START Data listing

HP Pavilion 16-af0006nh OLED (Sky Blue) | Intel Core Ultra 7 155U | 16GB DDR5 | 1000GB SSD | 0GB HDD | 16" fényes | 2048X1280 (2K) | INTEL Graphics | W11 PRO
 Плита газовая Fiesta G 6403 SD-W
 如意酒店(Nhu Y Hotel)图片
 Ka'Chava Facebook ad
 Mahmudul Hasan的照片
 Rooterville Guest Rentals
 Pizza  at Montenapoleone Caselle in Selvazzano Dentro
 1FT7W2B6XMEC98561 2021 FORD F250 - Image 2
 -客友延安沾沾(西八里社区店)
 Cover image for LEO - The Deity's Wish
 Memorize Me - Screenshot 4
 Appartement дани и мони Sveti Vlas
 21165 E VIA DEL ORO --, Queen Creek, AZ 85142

END Data listing
START Data listing

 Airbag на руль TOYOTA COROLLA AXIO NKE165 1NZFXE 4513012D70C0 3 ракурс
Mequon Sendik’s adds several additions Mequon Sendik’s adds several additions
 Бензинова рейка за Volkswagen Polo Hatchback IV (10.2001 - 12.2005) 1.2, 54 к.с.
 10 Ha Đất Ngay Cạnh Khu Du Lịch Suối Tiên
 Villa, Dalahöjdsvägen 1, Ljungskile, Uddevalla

END Data listing

◆ **Task prompt**
Copy out each line of the data above, exactly, if it lies between the line holding "in Selvazzano Dentro" and the line holding "21165 E VIA", inclusive; copy no other line.

◆ **Finished exercise**
 Pizza  at Montenapoleone Caselle in Selvazzano Dentro
 1FT7W2B6XMEC98561 2021 FORD F250 - Image 2
 -客友延安沾沾(西八里社区店)
 Cover image for LEO - The Deity's Wish
 Memorize Me - Screenshot 4
 Appartement дани и мони Sveti Vlas
 21165 E VIA DEL ORO --, Queen Creek, AZ 85142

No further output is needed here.